The lack of a Palestinian statehood has had precarious implications for Palestinian refugees in Arab countries other than Lebanon. Palestinians are still unrecognized in those countries because the agreements between Israel and the Palestinian Liberation Organization (P.L.O.) have never included the rights of refugees.   

This lack of statehood has implications also because persons who do “not carry citizenship issued by a recognized state” cannot even own property in Lebanon. 

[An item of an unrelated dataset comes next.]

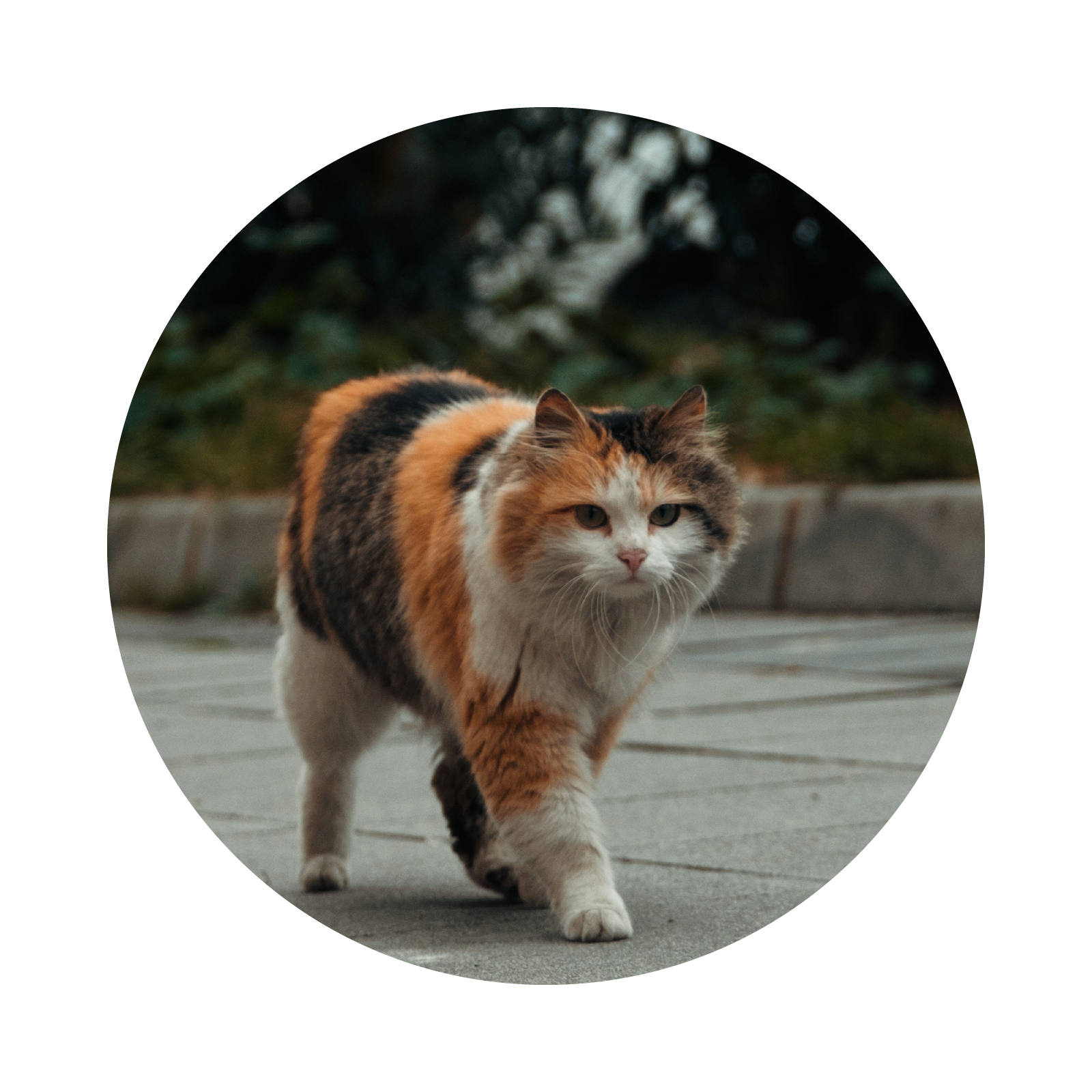 Zdjęcie przedstawia kota na spacerze, na dworze.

Although it does not refer to Palestinians explicitly, Article 1 of Presidential Decree 11614 of January 4, 1969, as modified by law 296 of April 3, 2001, states that no “non-Lebanese person, either natural or juridical, and also no Lebanese juridical person reputed by the present law to be alien, is entitled to acquire through a contract or any other legal deed concluded between living persons, any real property rights in Lebanese territory or any other real right from among the rights referred to in the present law, except after obtaining a permit granted by a decree issued by the Council of Ministers on the proposal of the Finance Minister.” 

The inability to own property has exacerbated the adverse impact of chronic unemployment.

Palestinians have been the principal contributors to the Lebanese economy to the tune of 340 million USD per year through their spending. 

Yet, studies have indicated that Palestinian jobs are actually complementing the jobs of the Lebanese people, not competing with them, and therefore having Palestinians in jobs is not a threat. On the contrary, Palestinians have been the principal contributors to the Lebanese economy to the tune of 340 million USD per year through their spending. 

Looking forward, the impact of the laws could render the economic conditions for Palestinians in the camps even more precarious than they have historically been. While conditions are bad enough now, if Palestinians must re-apply for work permits, inevitably that will lead to further increases in the already astronomical rate of unemployment in the camps.